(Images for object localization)
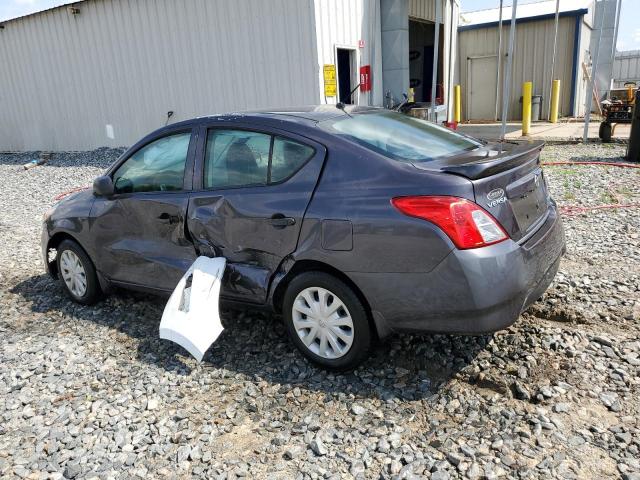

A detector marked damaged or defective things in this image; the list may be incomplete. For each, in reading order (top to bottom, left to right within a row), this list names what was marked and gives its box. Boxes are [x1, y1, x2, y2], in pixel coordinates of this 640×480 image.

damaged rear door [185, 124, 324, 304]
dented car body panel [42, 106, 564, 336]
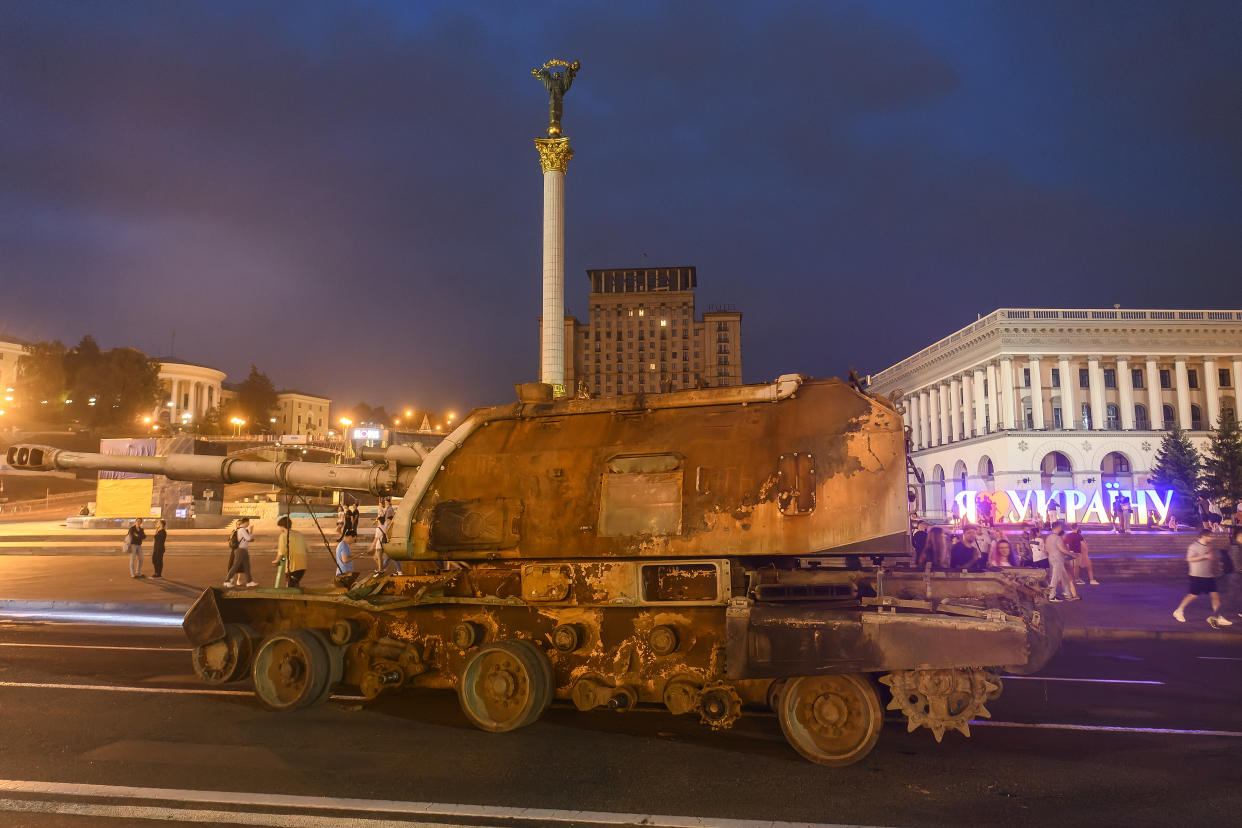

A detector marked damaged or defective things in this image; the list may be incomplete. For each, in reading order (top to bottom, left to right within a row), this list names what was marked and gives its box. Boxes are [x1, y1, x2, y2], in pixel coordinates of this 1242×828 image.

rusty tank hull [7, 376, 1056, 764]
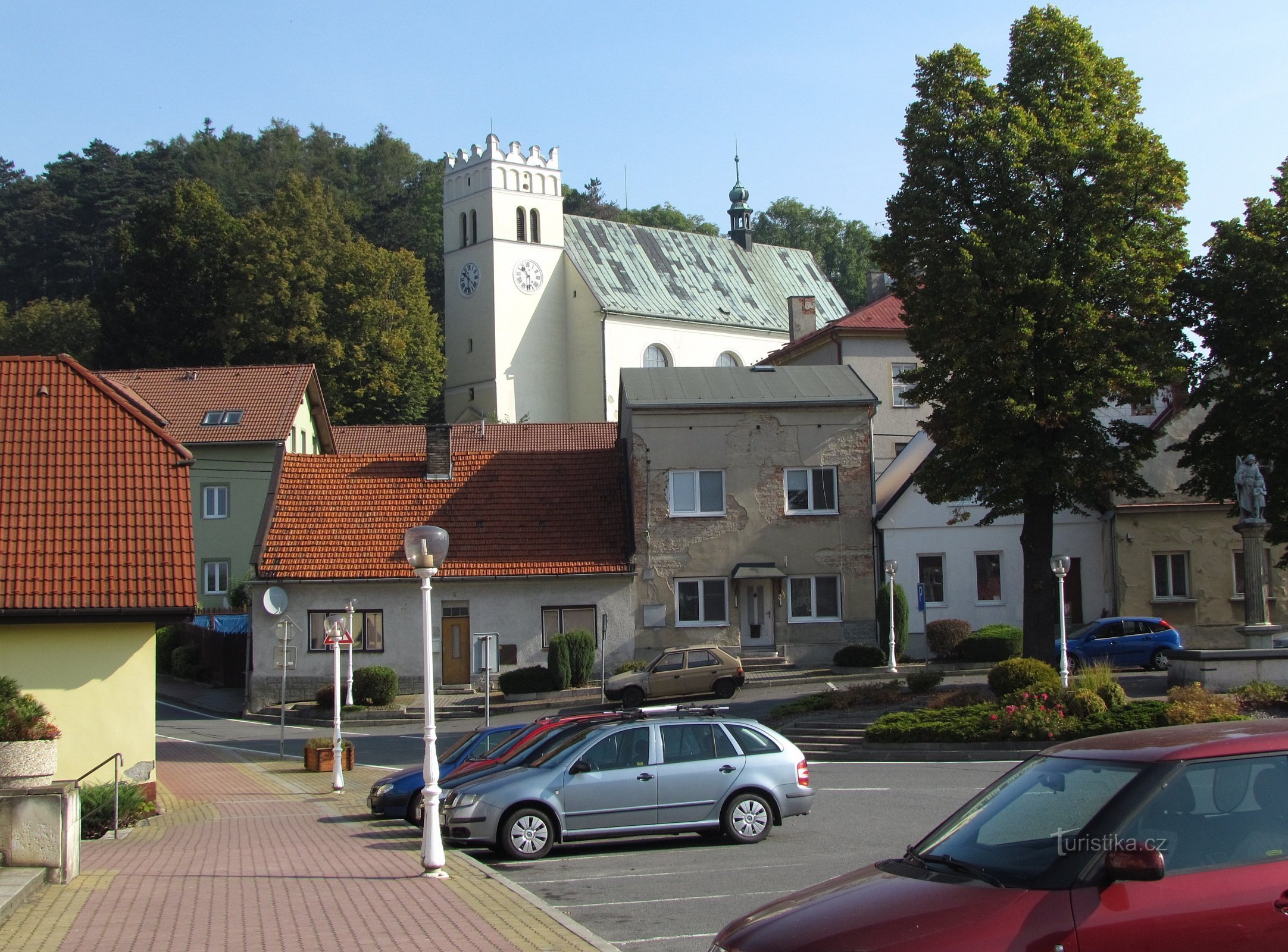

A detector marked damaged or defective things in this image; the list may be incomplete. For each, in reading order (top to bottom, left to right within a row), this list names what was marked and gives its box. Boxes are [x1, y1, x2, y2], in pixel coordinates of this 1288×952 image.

**Exercise description**
Above are records with pictures; repeat them exactly, but without the pictures.

**Answer**
A detector marked damaged or defective things in this image; the list may be incomplete. For each, in reading order (top to bottom, left to right within a row), this list names what was marked and gives its box. Boxes are [x1, y1, x2, y2], in pixel coordinates of this 640×480 image.

damaged rear door [185, 124, 324, 304]
dented car body panel [42, 106, 564, 336]

A detector marked damaged or defective things in this image; the list may be incomplete. For each, in reading order (top to bottom, left to right within a row), this list names what was marked and gives its box. Boxes are [x1, y1, x2, y2], in pixel coordinates of this 1242×828 image.

rusty tank hull [7, 376, 1056, 764]

A detector marked damaged or defective things in this image; the list may be incomplete. For each, in reading order (top to bottom, left to right within a row), this list names what was marked and gives its box. Boxes are [x1, y1, x2, y2], in pixel coordinates of this 1288×952 image.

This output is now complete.